Input: Brücken bauen? Das Gebiet ist bereits verlassen!

Rolf Hille, Jahrzehnte lang national und international im Namen der Evangelischen Allianz tätig, bezeichnet anhand einer neuen Publikation aus dem postevangelikalen Lager sauber auf, dass der vermeintliche Brückenbau in Wahrheit ein Verlassen des eigenen Gebiets darstellt. Das lässt sich auch mit Gelehrsamkeit und Rhetorik nicht übertünchen. Manchen scheint jedoch die Tünche zu genügen.

Wo also ist die Grenze, an der er sein evangelikales Zuhause verlässt? Nun, Dietz sucht die Zeitgenossenschaft und den bruchlosen Anschluss an die Neuzeit. Er möchte als Vermittlungstheologe die gegenwärtige Kultur mit der christlichen Offenbarung versöhnen. Das kann jedoch nur gelingen, wenn er die Autorität der Bibel neu interpretiert, denn Biblizismus oder gar Fundamentalismus sind ihm – wie er nicht zu wiederholen müde wird – zuwider.

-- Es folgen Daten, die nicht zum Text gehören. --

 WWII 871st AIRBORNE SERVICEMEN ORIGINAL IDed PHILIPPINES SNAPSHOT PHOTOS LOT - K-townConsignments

Als moderner Theologe übt er souverän die Deutungshoheit über die Schrift aus – auch wenn er für sich in Anspruch nimmt, „unter der Schrift“ zu stehen. Wissenschaft, Aufklärung und modernes Lebensgefühl müssen mit dem ehrwürdigen Buch der Bücher aus dem Alten Orient und der Antike so verknüpft werden, dass Zeitgenossen des 21. Jahrhunderts damit weder intellektuell noch emotional in Konflikt geraten. Damit ist vonseiten des Autors ein Bruch im Sinne des Postevangelikalismus vollzogen und eine Grenze überschritten.

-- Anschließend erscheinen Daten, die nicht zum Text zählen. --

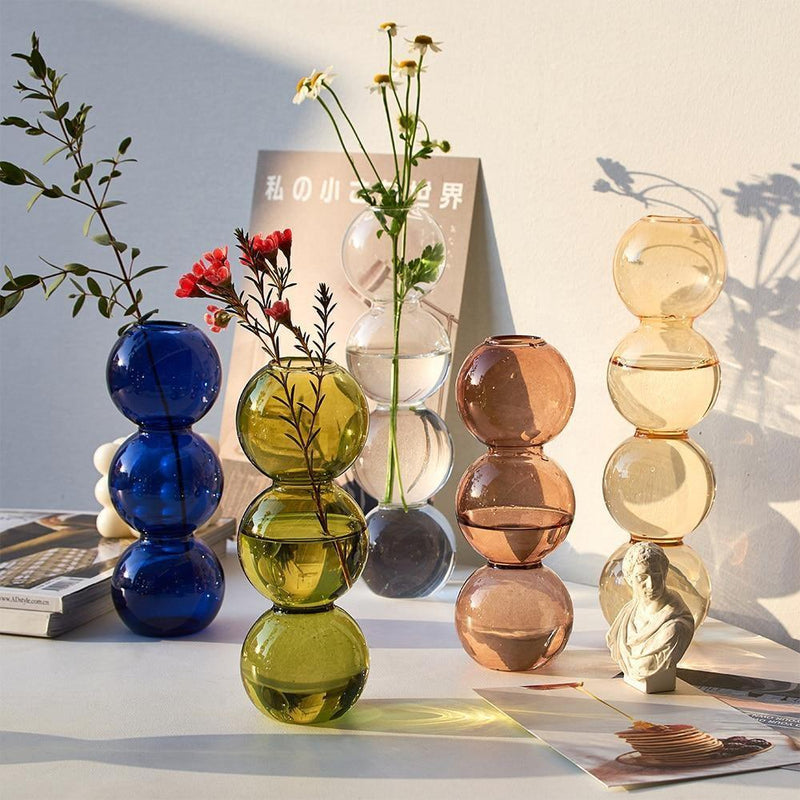 Modern Crystal Glass Bubble Vase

Der von Dietz ausgemachte „garstige Graben“ zwischen gegenwärtiger Kultur und Schriftbindung lässt sich nicht zuschütten. Das Überraschende besteht darin, dass der Autor für sich und seine Freunde bei „Worthaus“ ungeachtet aller Schwierigkeiten Hindernisse zu überwinden beansprucht. Immer wieder bemüht er sich, an der möglichen Einheit von Evangelikalen und Liberalen festzuhalten. Bei aller Trennschärfe im Urteil fordert er dazu auf, Gemeinschaft zu leben, obwohl ihm die Widersprüche in der Hermeneutik, also dem Schriftverständnis, sehr wohl bewusst sind.